Task brief
Restate the listing that follows word for word, without its pictures.

-- Provided material follows --

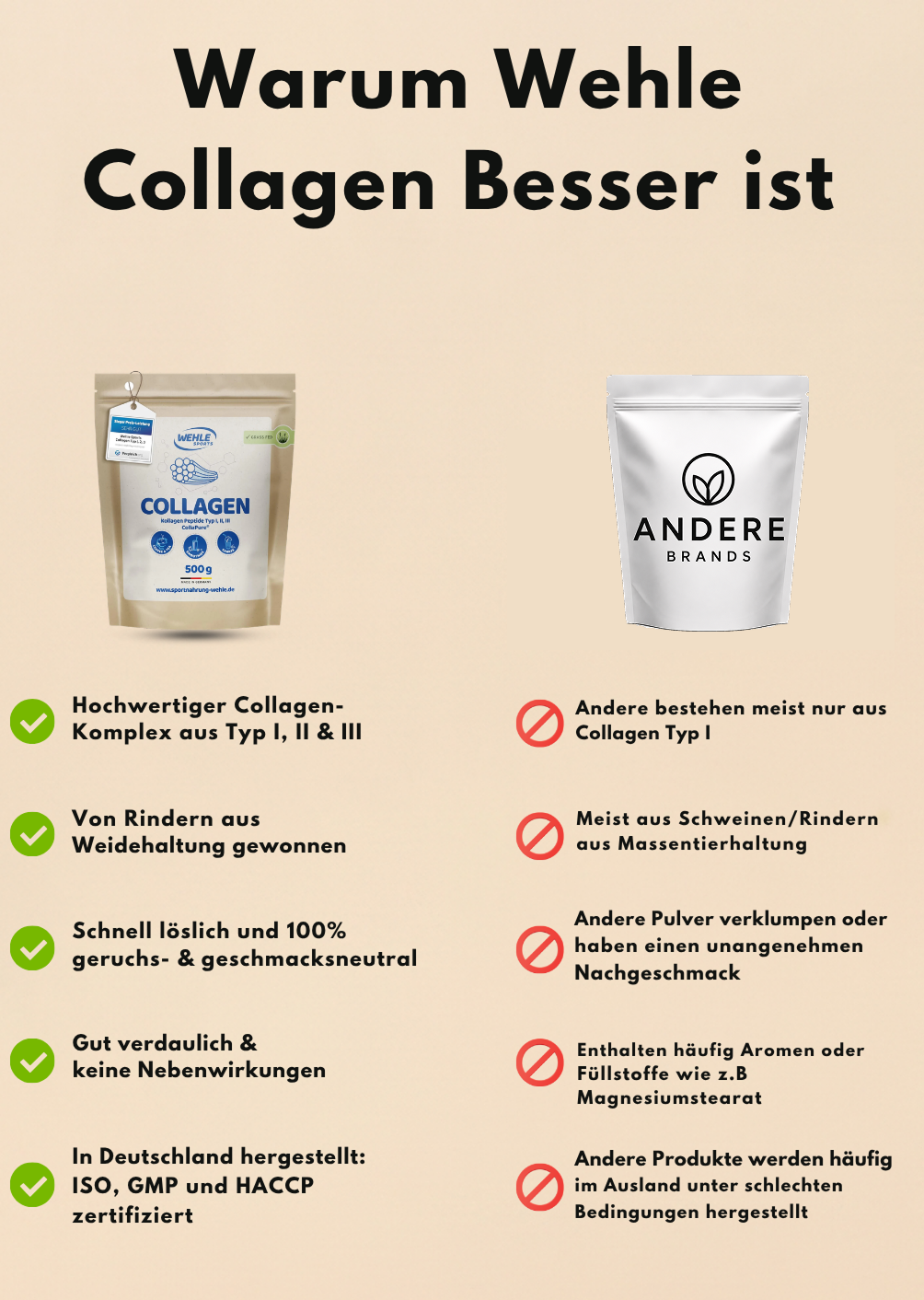 Darauf haben Ihre Gelenke gewartet
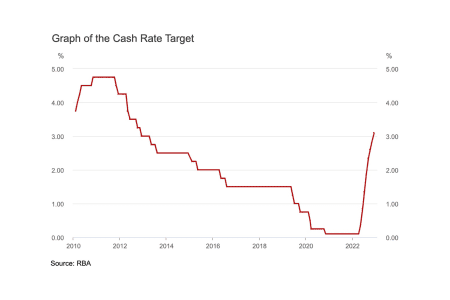 cashrate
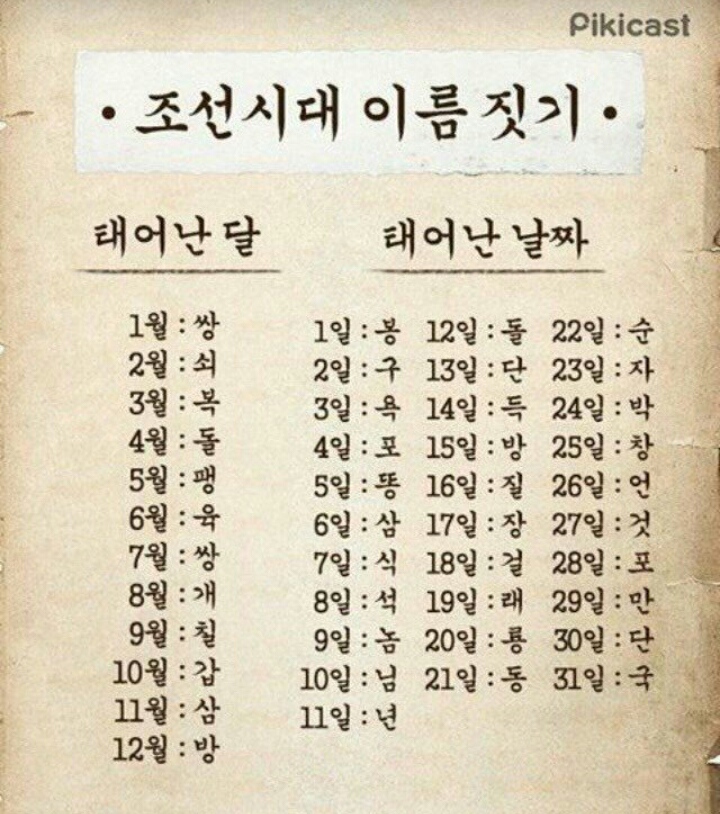 조선시대 이름 짓기 | 인스티즈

-- Provided material concluded --

Answer space
 Darauf haben Ihre Gelenke gewartet
 cashrate
 조선시대 이름 짓기 | 인스티즈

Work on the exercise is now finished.